▶ **Problem requirements**
Below are some records; reproduce them exactly.

▶ **Dataset**

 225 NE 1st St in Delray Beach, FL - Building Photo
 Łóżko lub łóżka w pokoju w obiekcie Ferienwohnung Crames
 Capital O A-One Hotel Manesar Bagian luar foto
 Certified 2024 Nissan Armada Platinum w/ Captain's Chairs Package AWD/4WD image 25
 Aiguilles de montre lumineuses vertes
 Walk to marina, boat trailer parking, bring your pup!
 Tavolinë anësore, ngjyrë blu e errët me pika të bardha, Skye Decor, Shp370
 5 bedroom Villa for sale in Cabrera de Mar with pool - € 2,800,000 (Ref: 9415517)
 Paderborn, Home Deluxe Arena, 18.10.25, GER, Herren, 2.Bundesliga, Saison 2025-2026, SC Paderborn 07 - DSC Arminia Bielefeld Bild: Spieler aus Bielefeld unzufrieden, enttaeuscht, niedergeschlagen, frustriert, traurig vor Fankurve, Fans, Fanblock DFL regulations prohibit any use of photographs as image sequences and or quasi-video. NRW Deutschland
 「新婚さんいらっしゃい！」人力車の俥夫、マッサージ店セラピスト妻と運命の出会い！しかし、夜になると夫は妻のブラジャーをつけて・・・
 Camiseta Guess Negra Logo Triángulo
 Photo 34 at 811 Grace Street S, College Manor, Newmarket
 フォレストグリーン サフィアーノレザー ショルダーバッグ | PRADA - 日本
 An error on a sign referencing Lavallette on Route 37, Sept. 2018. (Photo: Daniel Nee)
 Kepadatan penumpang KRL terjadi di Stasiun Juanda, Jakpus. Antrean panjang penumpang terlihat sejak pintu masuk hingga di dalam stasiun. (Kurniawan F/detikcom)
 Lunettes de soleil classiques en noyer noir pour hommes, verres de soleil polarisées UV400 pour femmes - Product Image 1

▶ **Solution to this problem**
 225 NE 1st St in Delray Beach, FL - Building Photo
 Łóżko lub łóżka w pokoju w obiekcie Ferienwohnung Crames
 Capital O A-One Hotel Manesar Bagian luar foto
 Certified 2024 Nissan Armada Platinum w/ Captain's Chairs Package AWD/4WD image 25
 Aiguilles de montre lumineuses vertes
 Walk to marina, boat trailer parking, bring your pup!
 Tavolinë anësore, ngjyrë blu e errët me pika të bardha, Skye Decor, Shp370
 5 bedroom Villa for sale in Cabrera de Mar with pool - € 2,800,000 (Ref: 9415517)
 Paderborn, Home Deluxe Arena, 18.10.25, GER, Herren, 2.Bundesliga, Saison 2025-2026, SC Paderborn 07 - DSC Arminia Bielefeld Bild: Spieler aus Bielefeld unzufrieden, enttaeuscht, niedergeschlagen, frustriert, traurig vor Fankurve, Fans, Fanblock DFL regulations prohibit any use of photographs as image sequences and or quasi-video. NRW Deutschland
 「新婚さんいらっしゃい！」人力車の俥夫、マッサージ店セラピスト妻と運命の出会い！しかし、夜になると夫は妻のブラジャーをつけて・・・
 Camiseta Guess Negra Logo Triángulo
 Photo 34 at 811 Grace Street S, College Manor, Newmarket
 フォレストグリーン サフィアーノレザー ショルダーバッグ | PRADA - 日本
 An error on a sign referencing Lavallette on Route 37, Sept. 2018. (Photo: Daniel Nee)
 Kepadatan penumpang KRL terjadi di Stasiun Juanda, Jakpus. Antrean panjang penumpang terlihat sejak pintu masuk hingga di dalam stasiun. (Kurniawan F/detikcom)
 Lunettes de soleil classiques en noyer noir pour hommes, verres de soleil polarisées UV400 pour femmes - Product Image 1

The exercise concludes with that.